Would there be interest in virtualization of the ixgbe driver?

Ryan Stone rysto32 at gmail.com
Fri Jan 14 02:51:49 UTC 2011


On Thu, Jan 13, 2011 at 3:04 PM, Brandon Gooch
<jamesbrandongooch at gmail.com> wrote:
> It would be nice to split up the hardware for use with vnet jails. The
> virtualization technique you are describing -- it sounds similar to
> how network device virtualization is done in the Solaris "Project
> Crossbow" implementation. Can you comment on this?

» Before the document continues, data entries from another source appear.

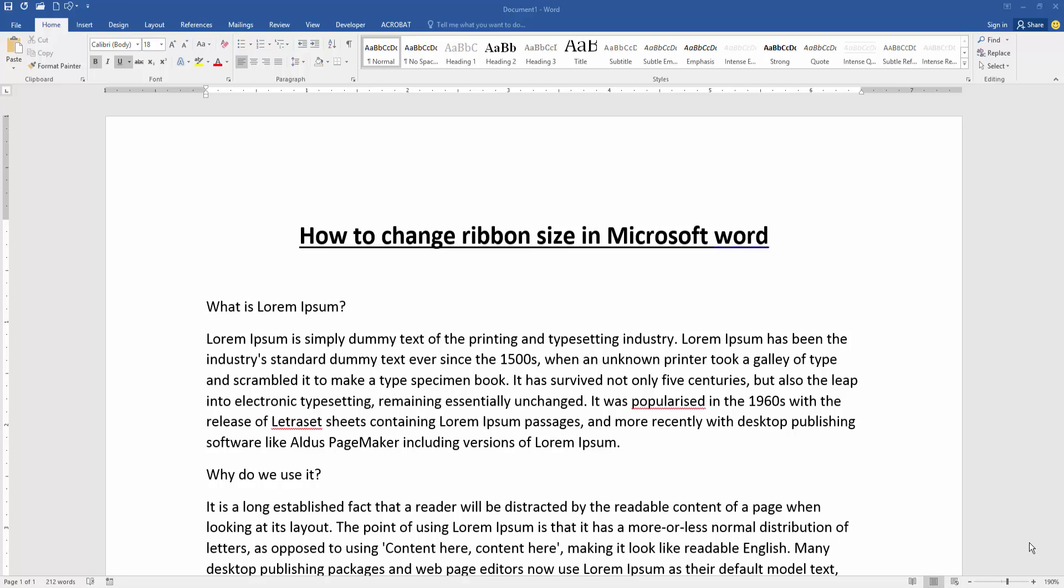Assalamualaikum, hello friends! How are you? Welcome back to my new video. In this video, I am going to show you how to change ribbon size in Microsoft Word. Let's get started. First, we have to open a Word document and insert some text. Now we want to change the ribbon size in this document.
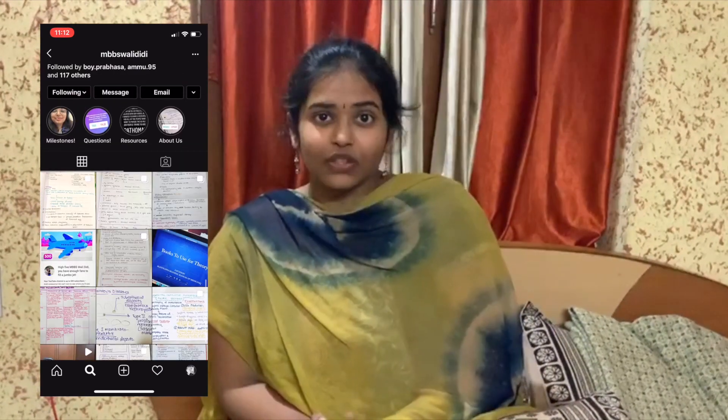Before we jump into the video, there's something I want to tell you guys. We have an Instagram page with the same name — the link is given below. You can go and check the notes there. These are the notes that we took during our MBBS times, and recently we have posted about ectopic pregnancy. Kindly check that.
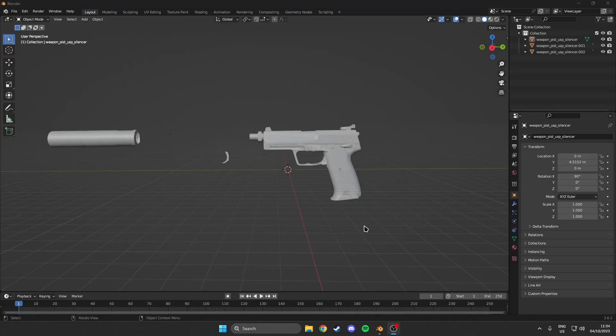Alright, so welcome back to another video. Today we are going to be taking a look at how you can disassemble and reassemble a weapon in CS2.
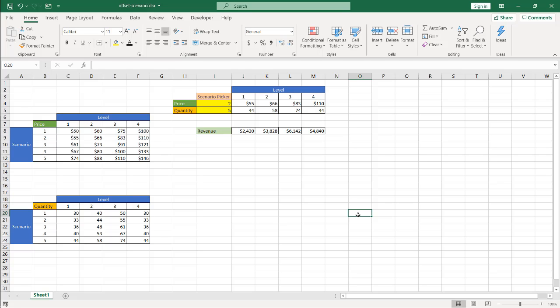Hi, in this video I'm going to show you what the OFFSET function does and offer a basic scenario on how it could be used.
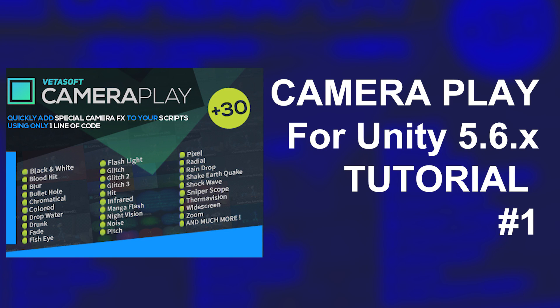Hi everyone. Today, I will show you how to use camera play by script with only one line of code.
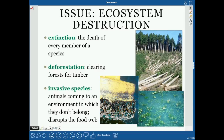The biggest issue is habitat destruction, which can cause extinction — the death of every member of a species, with not a single individual remaining.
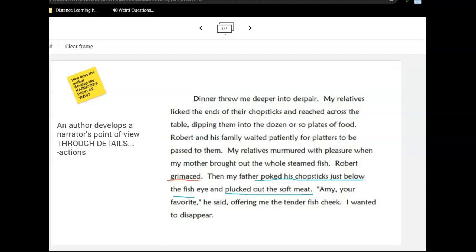Ask yourself why that action deepens her despair. You might have come up with: Robert already thinks we're really different, and now there are eyeballs involved — people don't do that. Or: I'm embarrassed. We just know she is in despair, and that's a negative place. And this action wasn't her action — it was her dad's action — but it does support why she's in despair.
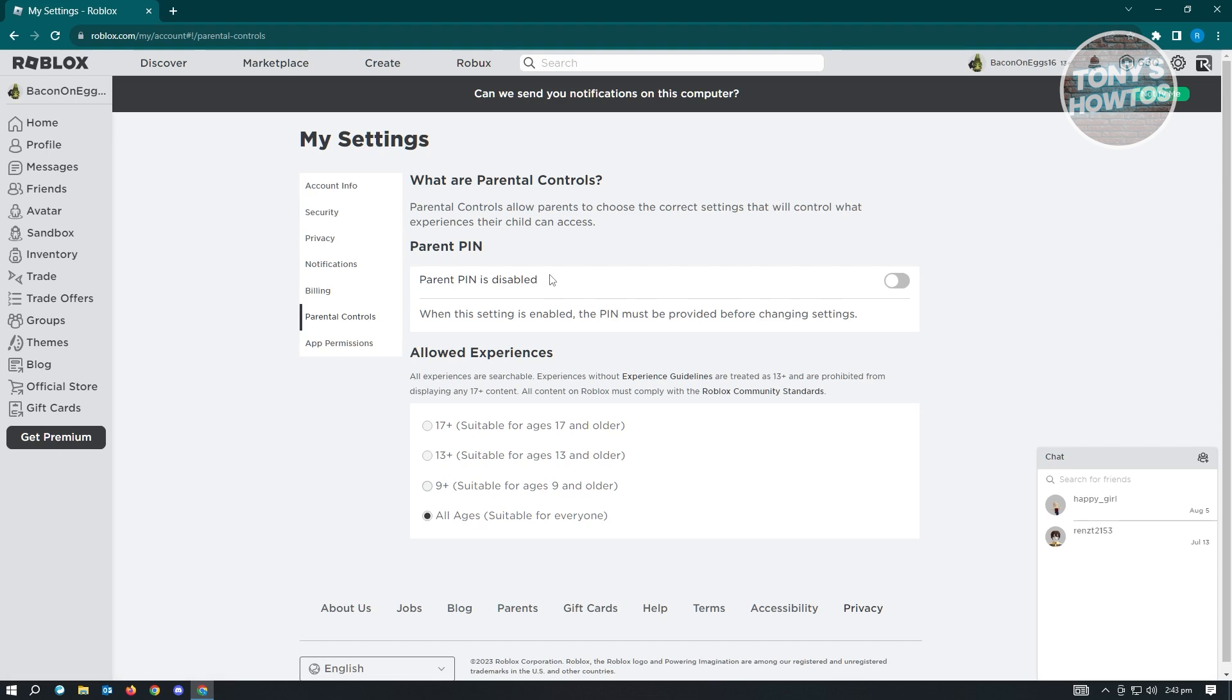As we all know, some experiences are not suitable for some audiences. Now, in here for us to change this, just click on the allowed experiences that you want to play.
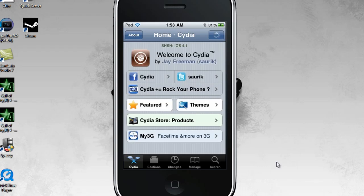Hello! This is going to be a tutorial on how to get iFile on your iPod Touch and/or iPhone.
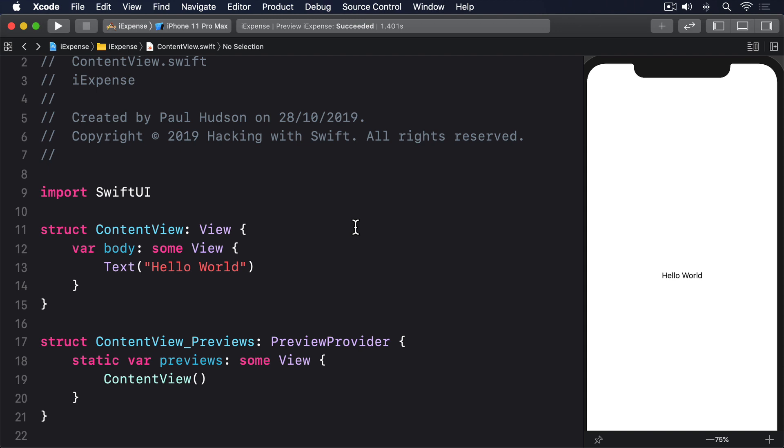There is no specific number attached to 'small,' but you should keep in mind that everything you store in UserDefaults will automatically be loaded when your app launches. If you store a lot in there, your app launch will slow down. To give you at least an idea, you should aim to store no more than 512 kilobytes in there.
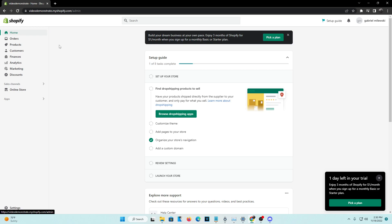Hey guys, so in today's video I'm going to show you how you can create a terms of service policy as well as implement it onto your Shopify web store.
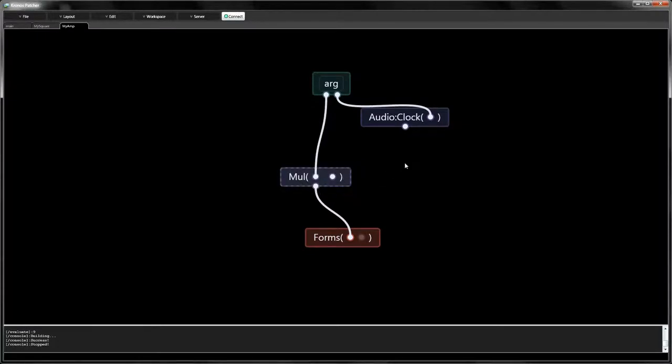This injects sample rate updates to the signal, regardless of the original source. Next, let's use a lag filter to smooth out the signal.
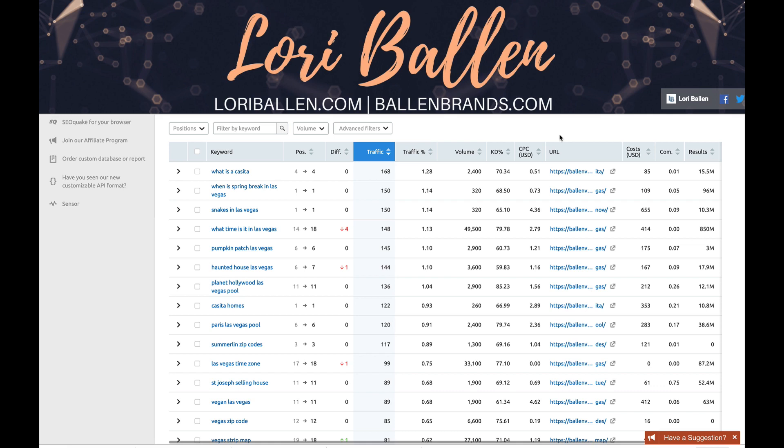Hey, it's Lori Ballen. Today I'm going to show you rank tracking, and I'm going to be using a particular software today. This is kind of my SEMrush review over all the different elements it offers, and I like to show you how I use it in my business where I generate most of my leads and traffic from search engine rankings.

It looks like what I've done is implement what they call "L2
virtualization" in Project Crossbow.

> In other words, would we have the ability to have a vnet jail tied to
> specific hardware resources (Rx/Tx rings with their own DMA channels
> and interrupts, etc...).

Exactly right.  And the rx ring has a unique MAC, so that's how
incoming packets are multiplexed across multiple rings(and ultimately
vnets).  Also, you can use RSS on top of VMDq.  To use the terminology
used in the 82599's datasheet, each MAC(and vnet) would be associated
with a pool of 1 or more rx and tx rings.  Packets are multiplexed
across the pools by MAC, and then packets are multiplexed across the
rx rings in that pool by a hash over the IP addresses and the TCP/UDP
ports.  All of this, of course, is subject to the limits of the
hardware.  The 82598 is quite restrictive: something like 16 pools and
up to 4 rings per pool.  The 82599 has a lot more pools and queues to
work with.

On Thu, Jan 13, 2011 at 10:46 AM, Nikos Vassiliadis <nvass9573 at gmx.com> wrote:
> Yet, I don't know if the number of changes in the infrastructure worth the
> labor, for just one specific hardware. Is ixgbe the only hardware that
> support such things?
> Or maybe it is some trend of the future?

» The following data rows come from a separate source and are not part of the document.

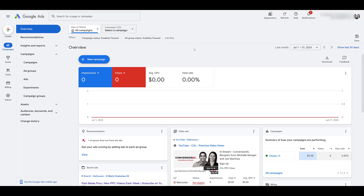The first step for creating an ad sequencing campaign is not necessarily what you expect, but most likely if you're already running video campaigns within Google Ads, you have this step completed. But I do want to cover it for anyone that's new because it's absolutely crucial, and that is making sure that your YouTube account is connected with Google Ads.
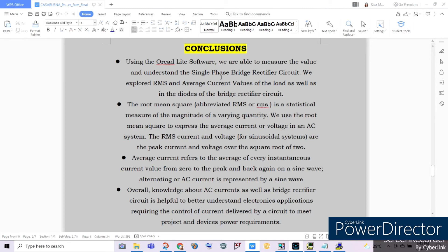To conclude our summative assessment: using OrCAD PSpice software, we were able to understand the single-phase bridge rectifier circuit and obtain RMS and average current values for both the load and each diode. RMS is the root-mean-square used to express average current or voltage in an AC system, while average current is the average of every instantaneous value over a sine wave cycle. This assessment helped us better understand AC currents and single-phase bridge rectifier circuits, which are important for electronic applications requiring current control. My name is Ricamia Casabuela, and I hope to see you on our next video.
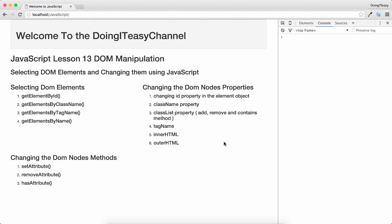Hello Internet, welcome to the Doing a Days channel. Today we are going to do DOM manipulations. To do DOM manipulations, first we have to select the DOM elements. We have four methods we can use to select DOM elements: getElementById, getElementsByClassName, getElementsByTagName, and getElementsByName.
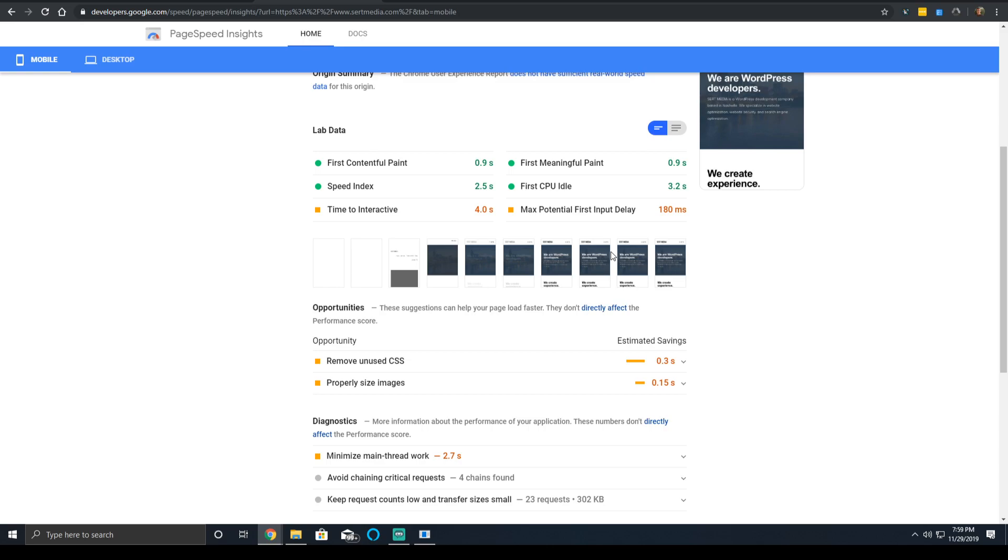Otherwise, that's all I have to say about the first CPU idle time. If you have any questions about it, you can feel free to post them in the comments below. Otherwise, thank you so much for watching and goodbye.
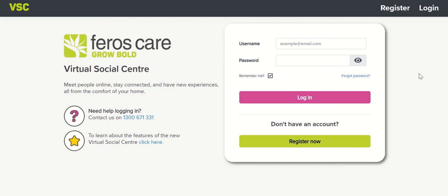Hello and welcome to the new and improved Virtual Social Center, or VSC for short. Today I'm going to show you around the new VSC and explain some of the exciting new features to you. Remember, this video is available for you to pause or re-watch as many times as you like.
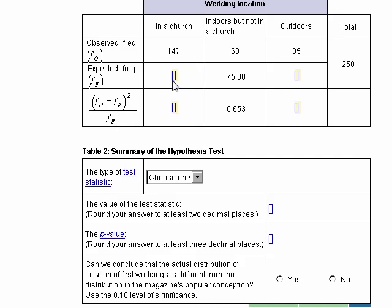Right here we have: what would you expect the frequency to be? This is a little bit different than a contingency table. It turns out, if we look at what they believed in the past — 50% were in a church, 30% indoors but not in a church, and 20% outdoors — out of 250, we can use that rule about expected frequency. I'll go out to Word to capture that.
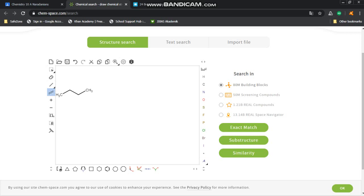And then I want it to be 2-chlorobutane. So the Cl—you see a Cl on the right. Cl must be bonded to the carbon number two. You can start the numbering from one, two, three, four from the left, or from the right: one, two, three, four.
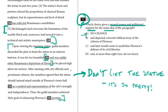Choice A is no change: the option currently in the paragraph is 'it was far too beautiful and was unlike other Renaissance depictions of David.' That may be true, but that's not really a good reason not to lift the statue. Choice B: 'it was far too beautiful and depicted a favorite biblical story of the citizens of Florence.' That doesn't really have much bearing on lifting the statue. I'm going to leave it for now.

Basically all of the changes are within the ixgbe driver.  No
infrastructure should have to change to support the feature.  Also,
Project Crossbow was implemented for a number of different drivers,
including ixgbe and igb, so it should be possible to implement similar
features for other drivers.  However, this will always end up being
quite hardware-specific so while it'd probably be possible to use the
same concepts across the different drivers, it would have to
re-implemented for each driver.  The if_cloner used to create the
virtual ifnets could be shared but that's probably <1% of the work.